Please write out exactly the lines from the one with "Two Bays Beach Villa Apartment and Studios" through the end of the data below, both ends included, and omit any pictures.

Data excerpts START

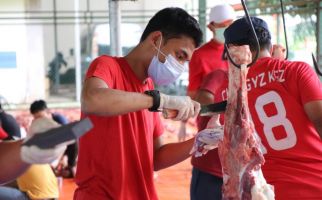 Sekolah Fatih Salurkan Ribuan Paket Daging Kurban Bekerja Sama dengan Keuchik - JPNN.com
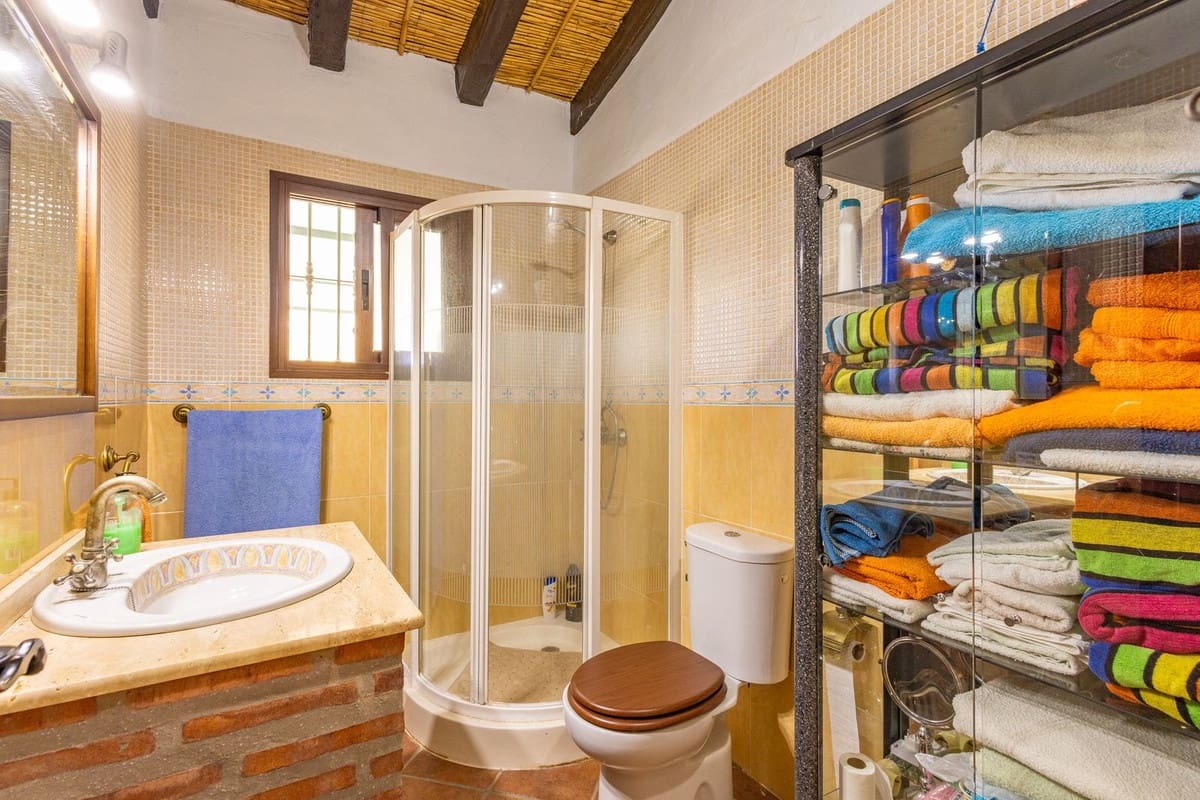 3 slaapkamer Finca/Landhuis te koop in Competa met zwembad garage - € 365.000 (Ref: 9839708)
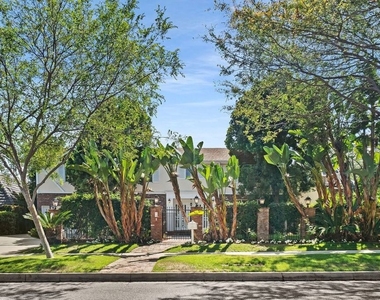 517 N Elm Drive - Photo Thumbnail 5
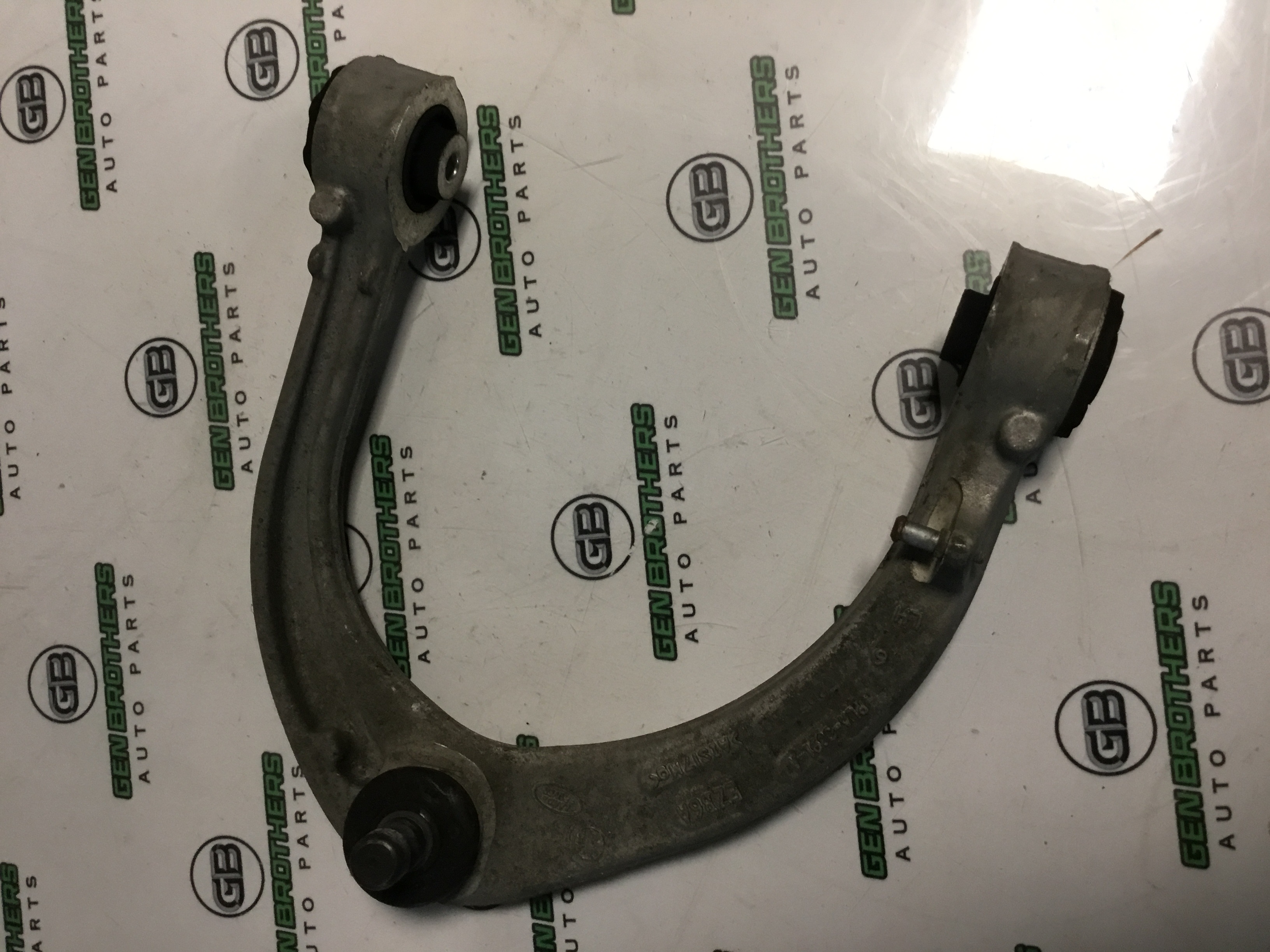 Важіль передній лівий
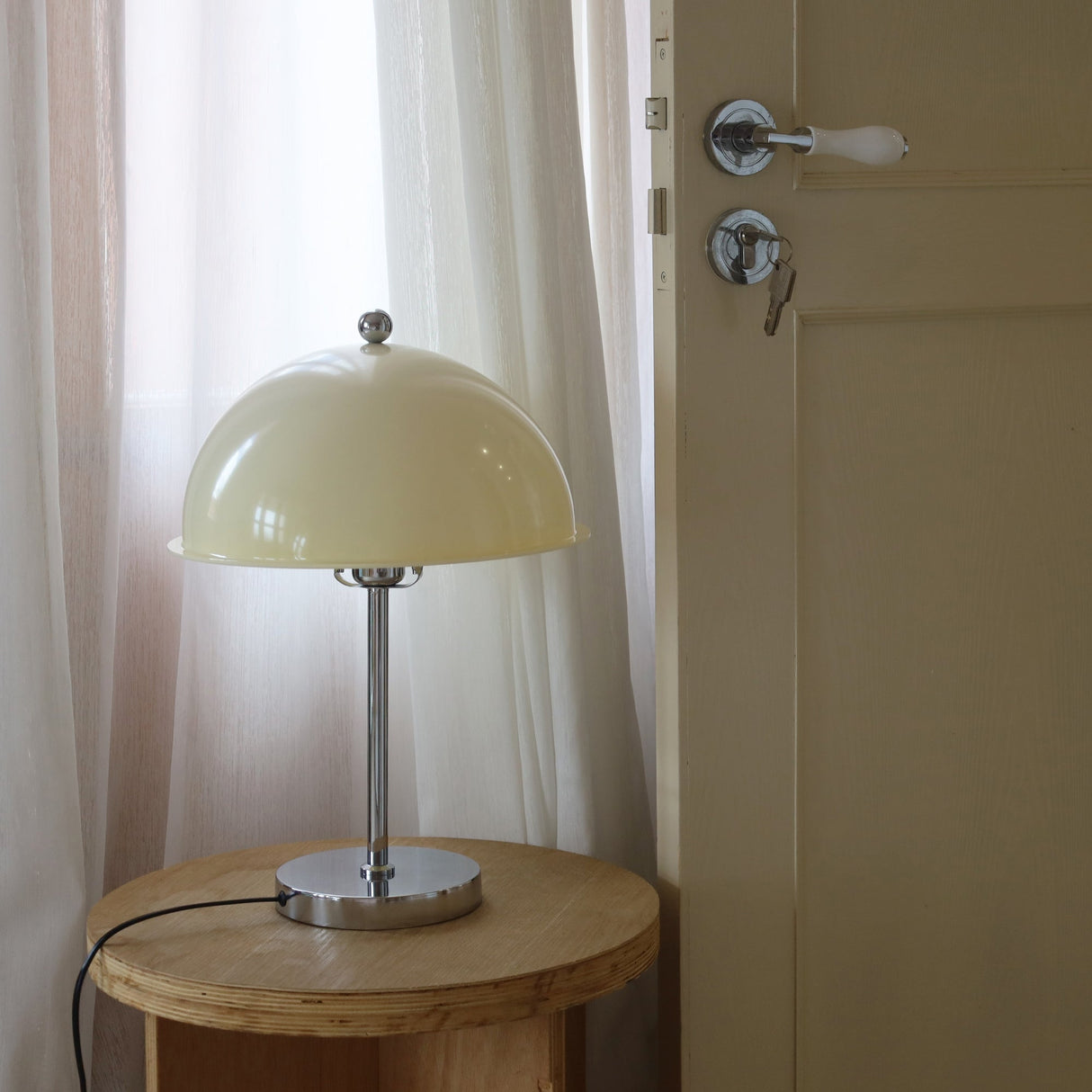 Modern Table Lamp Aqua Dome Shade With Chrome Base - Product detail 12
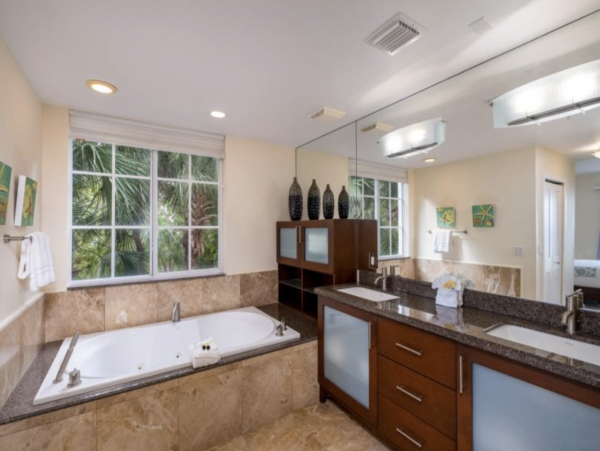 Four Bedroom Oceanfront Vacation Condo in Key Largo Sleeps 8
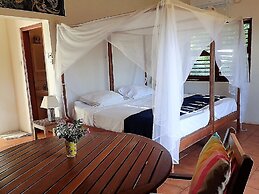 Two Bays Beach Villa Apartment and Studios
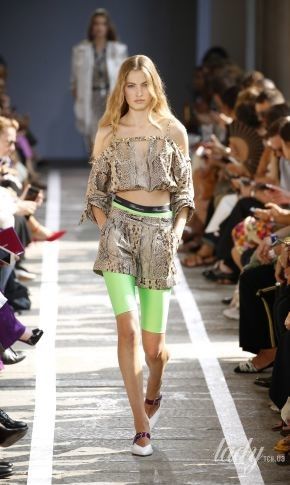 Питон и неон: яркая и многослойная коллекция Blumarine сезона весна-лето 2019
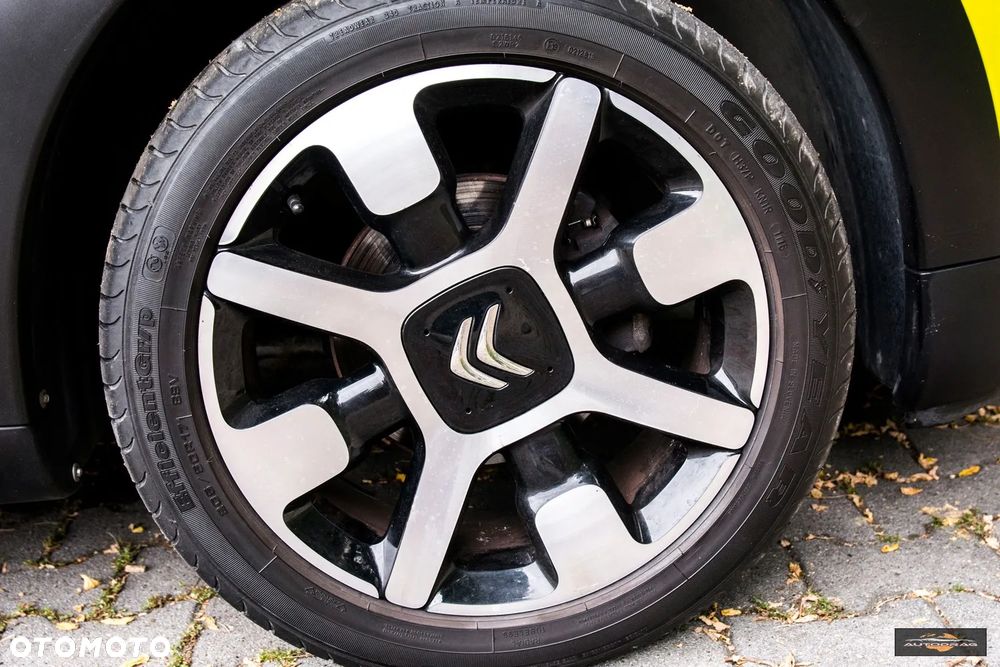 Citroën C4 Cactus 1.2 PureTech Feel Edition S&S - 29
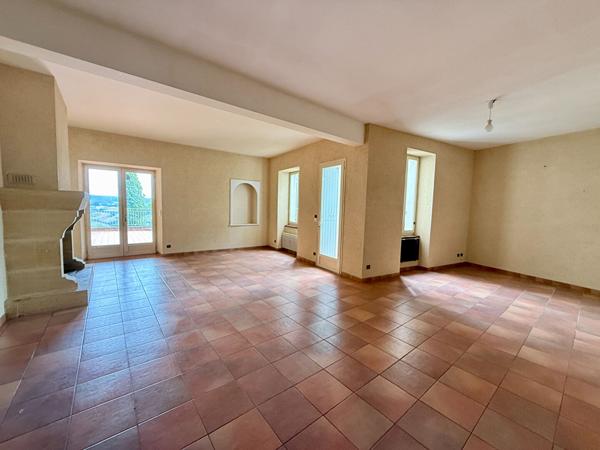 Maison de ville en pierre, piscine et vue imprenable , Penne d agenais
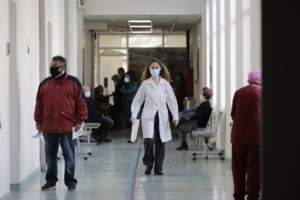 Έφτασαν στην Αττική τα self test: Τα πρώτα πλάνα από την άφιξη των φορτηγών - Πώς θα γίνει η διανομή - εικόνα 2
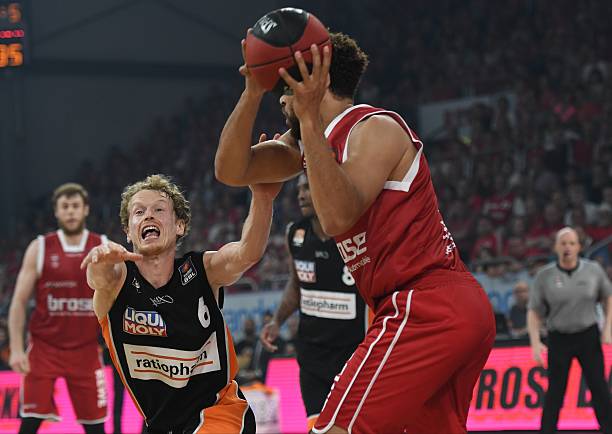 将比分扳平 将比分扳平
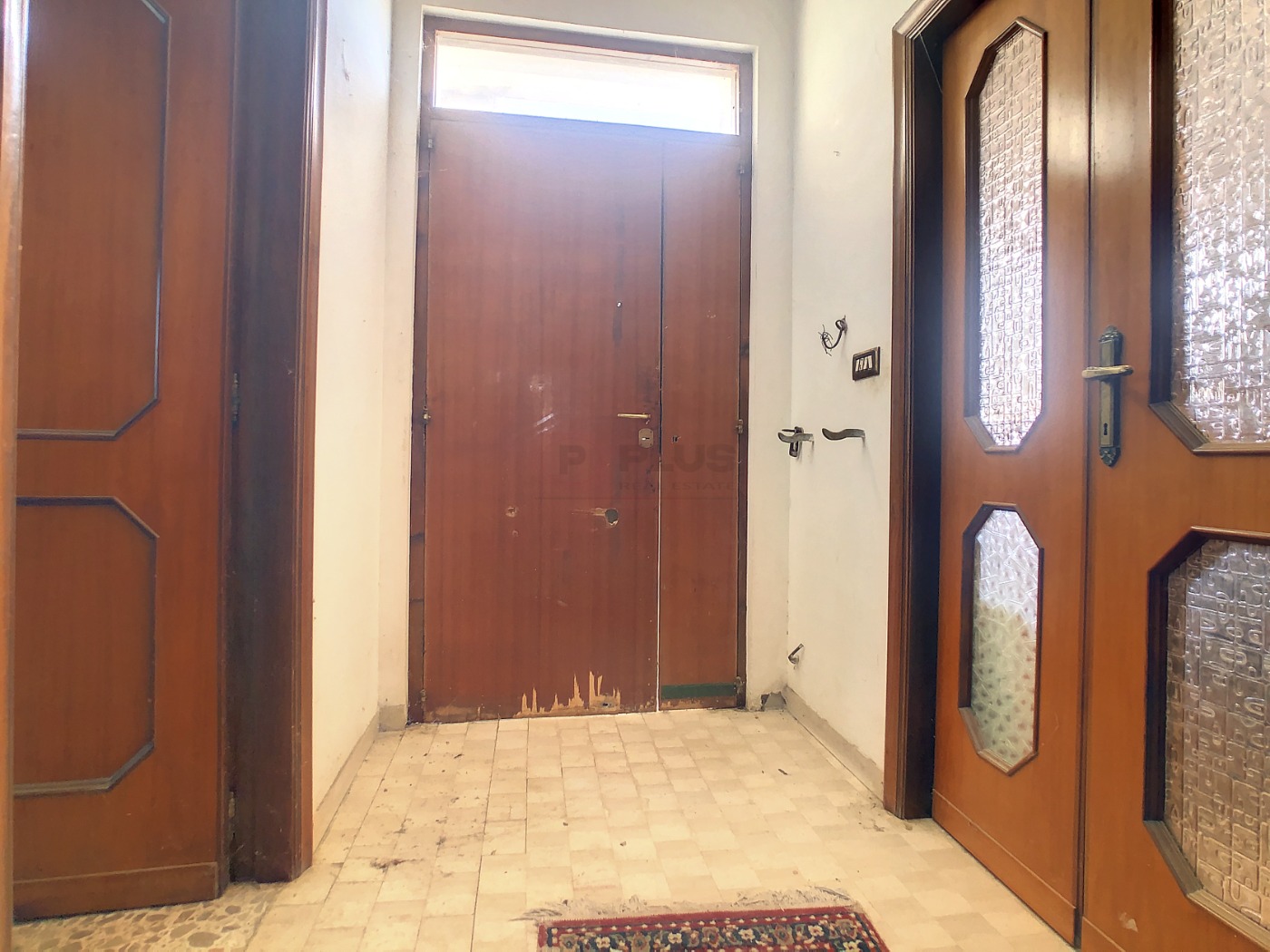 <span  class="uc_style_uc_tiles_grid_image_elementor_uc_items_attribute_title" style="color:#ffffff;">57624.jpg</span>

Data excerpts END

> [Answer below]:
 Two Bays Beach Villa Apartment and Studios
 Питон и неон: яркая и многослойная коллекция Blumarine сезона весна-лето 2019
 Citroën C4 Cactus 1.2 PureTech Feel Edition S&S - 29
 Maison de ville en pierre, piscine et vue imprenable , Penne d agenais
 Έφτασαν στην Αττική τα self test: Τα πρώτα πλάνα από την άφιξη των φορτηγών - Πώς θα γίνει η διανομή - εικόνα 2
 将比分扳平 将比分扳平
 <span  class="uc_style_uc_tiles_grid_image_elementor_uc_items_attribute_title" style="color:#ffffff;">57624.jpg</span>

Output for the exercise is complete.